The reply should hold only the lines below beginning at the one with "Améthyste de Zambie" and ending at the one with "Smiling young woman", copied exactly, with every picture left out.

● Data for processing:

================================

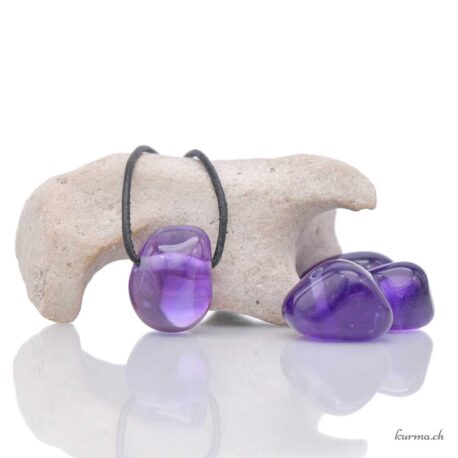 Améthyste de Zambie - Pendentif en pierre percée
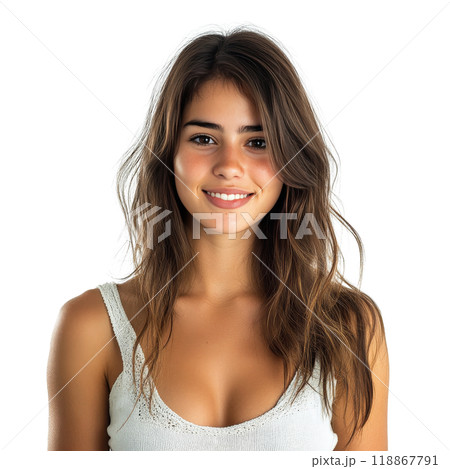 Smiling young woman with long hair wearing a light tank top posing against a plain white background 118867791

================================

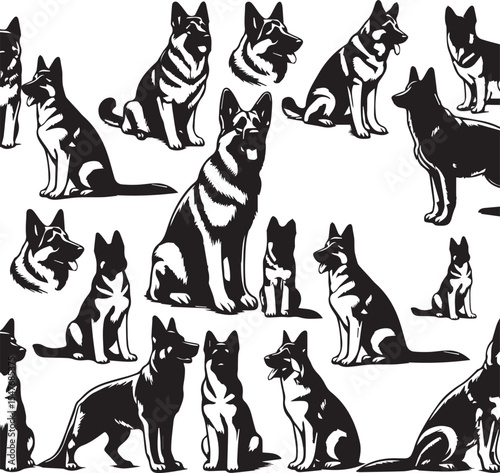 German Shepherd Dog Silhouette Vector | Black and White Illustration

================================

● Answer to this exercise:
 Améthyste de Zambie - Pendentif en pierre percée
 Smiling young woman with long hair wearing a light tank top posing against a plain white background 118867791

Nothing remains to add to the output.